Selecting a protein alignment
Upon selection of a set of phylogenetic groups (See Selecting phylogenetic group(s)), a list of compatible protein alignments is pulled from the DESIRE database in a new dropdown menu. The list of alignments is updated after every new addition in the phylogenetic browser, the alignments list is filtered to show alignments that contain all selected phylogenetic groups. For example, if a user selects Archaea, Bacteria and Eukarya, only universal rProtein alignments will be shown since only universal proteins are present in all three TOL branches. The user selects a protein alignment from the available ones and the alignment is displayed in the alignment viewer; the rows of the alignment are phylogenetic groups, and the columns of the alignment are arranged according to individual amino acid indices. Some rProteins can have more than one alignment. For example, aL18 is a protein present in Archaea and Eukarya, and there are three possible alignments for it: one that includes only archaeal sequences (aL18), one that includes only Eukaryotic ones (eL18) and one that includes both (aeL18). The alignment will still be filtered to include only species selected in the phylogenetic browser. For example, if the user selects Eukarya from the phylogenetic browser and aeL18 from the alignment menu, they will fetch an alignment that was built from archaeal and eukaryotic sequences but is truncated down to show only eukaryotic sequences.

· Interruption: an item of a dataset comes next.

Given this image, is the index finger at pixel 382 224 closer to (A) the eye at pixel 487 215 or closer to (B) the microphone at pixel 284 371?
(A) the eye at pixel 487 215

Selecting a structure for visualization and mapping
Once an alignment of a specified protein is selected, the option to select its structure for visualization and mapping becomes available. Selecting a structure is a two-step process:
- First the user selects a 3D structure available from PDBe. Structures from the PDBe are filtered by the polymer of the selected alignment. In DESIRE mode the filtering is done by connecting to riboXYZ and retrieving PDB IDs with matching rProtein nomenclature. In user upload mode the filtering is done by using the first sequence of the provided alignment to BLAST the RCSB database and retrieve highly scoring PDB IDs. In both modes the user can search the filtered PDB IDs by typing the desired PDB ID or the species name. In both modes the user is free to type in any PDB ID with length 4 and ProteoVision will try to find relevant chains from the input. For user convenience, the first three PDB ID options are never filtered and are those for the cytosolic ribosomes of E. coli (4V9D), P. furiosus (4V6U), and H. sapiens (4UG0). It is possible to encounter Eukaryotic ribosomal structures even if the user has selected a bacterial protein; these structures will be non-cytoplasmic (e.g., plastid or mitochondrial).

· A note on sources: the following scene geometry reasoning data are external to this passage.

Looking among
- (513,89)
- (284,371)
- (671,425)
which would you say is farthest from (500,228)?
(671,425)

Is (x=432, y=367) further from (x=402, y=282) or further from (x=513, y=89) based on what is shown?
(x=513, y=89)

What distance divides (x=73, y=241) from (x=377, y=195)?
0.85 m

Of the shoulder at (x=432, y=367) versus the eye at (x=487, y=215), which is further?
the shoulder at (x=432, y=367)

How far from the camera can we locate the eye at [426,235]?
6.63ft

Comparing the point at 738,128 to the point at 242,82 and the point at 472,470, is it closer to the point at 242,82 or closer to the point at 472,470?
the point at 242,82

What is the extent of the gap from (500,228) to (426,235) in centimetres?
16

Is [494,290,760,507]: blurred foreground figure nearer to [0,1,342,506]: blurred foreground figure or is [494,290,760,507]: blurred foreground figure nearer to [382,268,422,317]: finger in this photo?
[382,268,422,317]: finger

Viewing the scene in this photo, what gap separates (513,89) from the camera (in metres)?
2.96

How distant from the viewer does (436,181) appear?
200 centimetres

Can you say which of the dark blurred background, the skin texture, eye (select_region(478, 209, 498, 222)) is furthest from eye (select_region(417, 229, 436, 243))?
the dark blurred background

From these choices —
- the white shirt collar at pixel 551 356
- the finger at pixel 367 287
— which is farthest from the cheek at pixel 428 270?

- Once a PDB ID is selected, the available chains of that structure are filtered by the polymer identity present in the selected alignment. No filtering is done when using a custom alignment and all chains of the structure are available. The user can select one chain which will load the topology and MolStar viewers.

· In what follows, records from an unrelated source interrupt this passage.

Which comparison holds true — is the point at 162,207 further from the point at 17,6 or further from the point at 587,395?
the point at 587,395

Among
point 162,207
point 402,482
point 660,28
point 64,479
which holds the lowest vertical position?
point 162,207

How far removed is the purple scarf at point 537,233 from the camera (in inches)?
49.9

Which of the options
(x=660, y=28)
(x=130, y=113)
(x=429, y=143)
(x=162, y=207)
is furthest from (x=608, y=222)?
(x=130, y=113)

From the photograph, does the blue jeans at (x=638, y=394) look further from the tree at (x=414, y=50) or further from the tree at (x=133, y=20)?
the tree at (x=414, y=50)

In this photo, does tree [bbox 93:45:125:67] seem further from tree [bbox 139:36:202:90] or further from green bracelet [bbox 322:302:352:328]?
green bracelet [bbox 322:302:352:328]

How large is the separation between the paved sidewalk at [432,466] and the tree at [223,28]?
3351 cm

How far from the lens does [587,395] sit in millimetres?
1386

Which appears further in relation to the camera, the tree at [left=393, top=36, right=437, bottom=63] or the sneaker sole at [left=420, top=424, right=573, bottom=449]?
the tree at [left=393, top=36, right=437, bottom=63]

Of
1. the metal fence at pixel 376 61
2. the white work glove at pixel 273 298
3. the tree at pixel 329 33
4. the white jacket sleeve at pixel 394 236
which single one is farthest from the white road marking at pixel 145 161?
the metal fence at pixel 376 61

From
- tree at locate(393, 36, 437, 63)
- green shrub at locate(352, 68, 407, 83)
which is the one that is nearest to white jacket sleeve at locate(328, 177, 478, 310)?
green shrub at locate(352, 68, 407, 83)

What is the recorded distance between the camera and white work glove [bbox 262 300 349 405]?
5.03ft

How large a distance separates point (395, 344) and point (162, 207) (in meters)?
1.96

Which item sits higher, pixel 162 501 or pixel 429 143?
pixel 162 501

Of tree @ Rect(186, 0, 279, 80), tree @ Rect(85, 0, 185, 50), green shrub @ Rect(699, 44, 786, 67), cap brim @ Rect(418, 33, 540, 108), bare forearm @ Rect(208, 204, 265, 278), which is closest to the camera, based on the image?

Creating a structure-alignment mapping
To ensure the match between the selected MSA and the sequence from a selected structure and to properly visualize the data, we compute an alignment between the sequences of the structure and the alignment. This is done internally on the server using the mafft program with the –addfull option (Katoh; 10.1093/molbev/mst010 and it does not require any action from the user. However, if the structural sequence has extra positions compared to the alignment, ProteoVision displays an error message located between the alignment and 2D/3D viewers. The message warns the user how many positions failed to map properly.
Selecting attribute data to map
The user has an option to map either calculated mapping data (see Advanced features) or custom data (supplied by a user) onto the 2D and 3D viewers. Available data attributes may be selected from a dropdown menu in the lower right corner of the topology viewer. There is also an option in the sidebar to upload custom mapping data. This data should be uploaded as a .csv; an example file is provided on the ProteoVision site. Once the custom data has been uploaded, it will be added as a mapping option in the dropdown menu of the PDB topology viewer applet.